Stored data

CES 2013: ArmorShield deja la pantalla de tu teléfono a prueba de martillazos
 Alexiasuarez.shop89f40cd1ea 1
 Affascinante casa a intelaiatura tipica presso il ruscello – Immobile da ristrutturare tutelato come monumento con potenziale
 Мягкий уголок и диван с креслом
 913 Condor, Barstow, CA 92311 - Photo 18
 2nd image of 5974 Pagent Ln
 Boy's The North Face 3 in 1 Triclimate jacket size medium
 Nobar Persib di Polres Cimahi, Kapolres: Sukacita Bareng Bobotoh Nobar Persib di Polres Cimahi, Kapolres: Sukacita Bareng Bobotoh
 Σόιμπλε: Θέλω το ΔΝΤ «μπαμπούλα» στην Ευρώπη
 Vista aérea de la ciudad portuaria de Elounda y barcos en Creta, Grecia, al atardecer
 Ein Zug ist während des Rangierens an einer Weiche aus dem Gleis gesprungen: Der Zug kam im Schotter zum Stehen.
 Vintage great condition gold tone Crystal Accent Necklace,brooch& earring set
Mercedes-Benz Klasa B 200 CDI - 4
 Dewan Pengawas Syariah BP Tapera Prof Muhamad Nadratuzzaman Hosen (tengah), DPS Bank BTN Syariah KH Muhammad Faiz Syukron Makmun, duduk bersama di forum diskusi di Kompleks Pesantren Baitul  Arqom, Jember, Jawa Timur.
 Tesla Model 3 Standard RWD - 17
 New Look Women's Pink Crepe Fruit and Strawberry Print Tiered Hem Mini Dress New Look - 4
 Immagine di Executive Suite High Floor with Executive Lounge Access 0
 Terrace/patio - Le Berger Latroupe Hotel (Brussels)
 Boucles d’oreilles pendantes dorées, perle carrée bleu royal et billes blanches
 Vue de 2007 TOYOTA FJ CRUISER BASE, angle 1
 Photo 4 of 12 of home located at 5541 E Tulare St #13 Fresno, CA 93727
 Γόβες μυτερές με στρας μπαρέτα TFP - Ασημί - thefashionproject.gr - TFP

◆ **Exercise description**
Write the records above out again precisely.

◆ **Output**
CES 2013: ArmorShield deja la pantalla de tu teléfono a prueba de martillazos
 Alexiasuarez.shop89f40cd1ea 1
 Affascinante casa a intelaiatura tipica presso il ruscello – Immobile da ristrutturare tutelato come monumento con potenziale
 Мягкий уголок и диван с креслом
 913 Condor, Barstow, CA 92311 - Photo 18
 2nd image of 5974 Pagent Ln
 Boy's The North Face 3 in 1 Triclimate jacket size medium
 Nobar Persib di Polres Cimahi, Kapolres: Sukacita Bareng Bobotoh Nobar Persib di Polres Cimahi, Kapolres: Sukacita Bareng Bobotoh
 Σόιμπλε: Θέλω το ΔΝΤ «μπαμπούλα» στην Ευρώπη
 Vista aérea de la ciudad portuaria de Elounda y barcos en Creta, Grecia, al atardecer
 Ein Zug ist während des Rangierens an einer Weiche aus dem Gleis gesprungen: Der Zug kam im Schotter zum Stehen.
 Vintage great condition gold tone Crystal Accent Necklace,brooch& earring set
Mercedes-Benz Klasa B 200 CDI - 4
 Dewan Pengawas Syariah BP Tapera Prof Muhamad Nadratuzzaman Hosen (tengah), DPS Bank BTN Syariah KH Muhammad Faiz Syukron Makmun, duduk bersama di forum diskusi di Kompleks Pesantren Baitul  Arqom, Jember, Jawa Timur.
 Tesla Model 3 Standard RWD - 17
 New Look Women's Pink Crepe Fruit and Strawberry Print Tiered Hem Mini Dress New Look - 4
 Immagine di Executive Suite High Floor with Executive Lounge Access 0
 Terrace/patio - Le Berger Latroupe Hotel (Brussels)
 Boucles d’oreilles pendantes dorées, perle carrée bleu royal et billes blanches
 Vue de 2007 TOYOTA FJ CRUISER BASE, angle 1
 Photo 4 of 12 of home located at 5541 E Tulare St #13 Fresno, CA 93727
 Γόβες μυτερές με στρας μπαρέτα TFP - Ασημί - thefashionproject.gr - TFP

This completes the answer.